The Salvation Army Modesto Red Shield is a youth center in the heart of South Modesto, Calif., that serves to educate, inspire and protect children, and provide services to families and seniors. Last year, a teen room opened at the center to reach an underserved group of the local population.

Corps Officers Lieutenants Dustin and Caroline Rowe discovered the need in meetings with youth-focused community agencies in the Central California city, an area rich in farmland and thus hit hard by economic recession and a severe state drought. As a result, unemployment stands at 10.5 percent, compared to the state’s 7 percent, according to the California Employment Development Department, and the city marks a 74.3 percent school enrollment rate. So the Rowes set out to reach students on their way to high school.

“We service the poorest area of Modesto,”Caroline Rowe said. “The Salvation Army Red Shield is a large presence here.
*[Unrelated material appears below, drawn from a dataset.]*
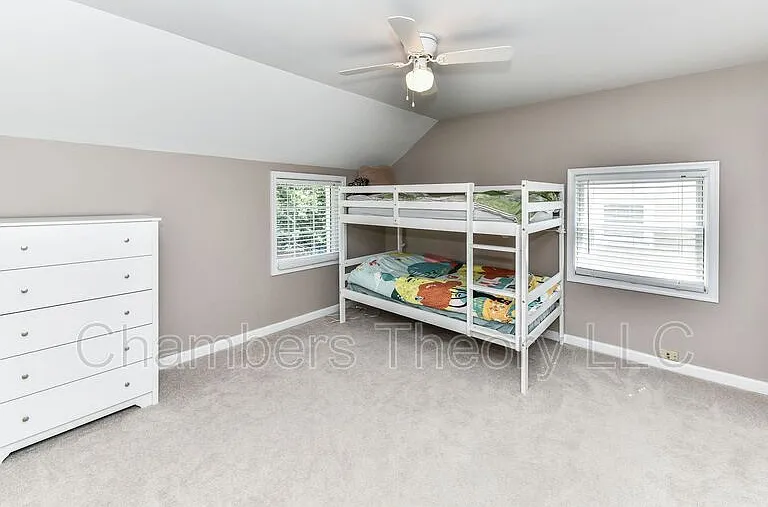 1033 S Edison St — Photo 18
We’re a big fortress, a lighthouse, in the middle of a community where these kids need a safe place to go.”

The teen room operates for three hours after school on weekdays, and some of the teens who currently attend are engaging in corps programming by staying for teen nights on Fridays and coming to the Sunday morning service.
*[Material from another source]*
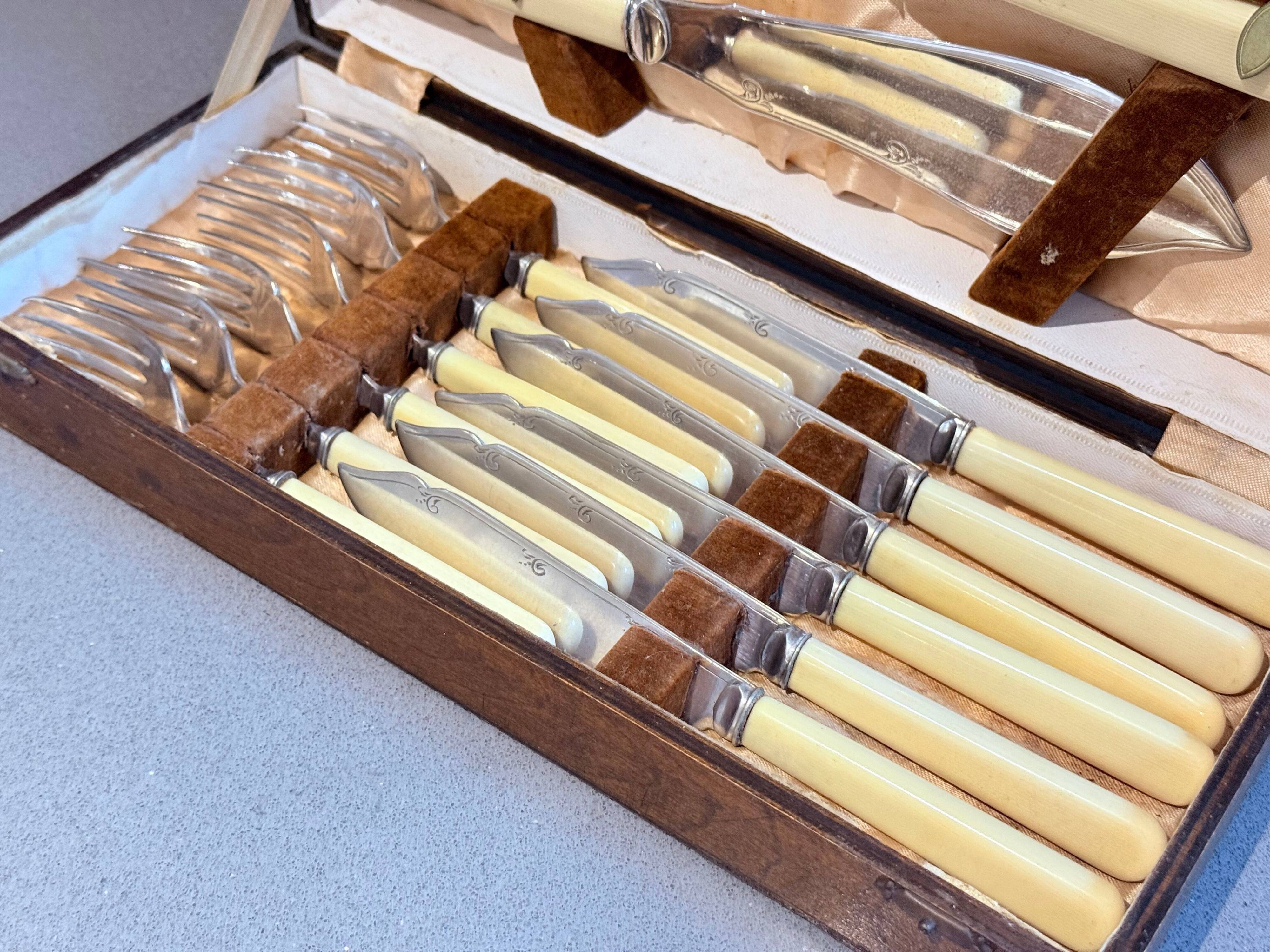 Set de couverts à poisson en métal argenté et ivoire synthétique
“We’re seeing teens who get up on Sunday morning when the rest of their family sleeps and say, ‘I want to go and worship.’ That’s huge,” Rowe said. “They don’t have parents saying, ‘Alright, get up; it’s time to go to church.’ They’re saying, ‘I want to go.’ We’re really proud of the fact that we’re actually hitting that demographic now.”

Jasmine Moody, who runs the teen room, has a message for all who visit.

“It doesn’t matter where you come from, or who everyone else says you are, if you just believe in yourself then you can accomplish anything,” she said.

Ricky, 15, has found Moody’s perspective to be true.

For two years he has attended programs at the Red Shield, and now regularly goes to the teen room.

“Without The Salvation Army, I wouldn’t be who I am today…they guided me to be on the right track,” he said. “We come here—we have a place to hang out, a place to do homework, and on top of that we learn about God, which helps me in my daily life.”

Ricky volunteers in the corps programs for kids, and excels at school.

The Modesto Red Shield has experienced further growth in its kindergarten to sixth grade after-school tutoring program, which increased attendance by 38 percent from 2012 to 2014 and from one to three classrooms.

“We tutor, we educate, we inspire, we give kids other choices, and we’re seeing academic success,” Rowe said.

The center also added a youth food program this year, funded by the T.L. Williams grant, which serves up to 70 kids every day.

“We’re saying that you can be healthy all the way around,” Rowe said. “All age group needs are being met at all avenues of their lives.”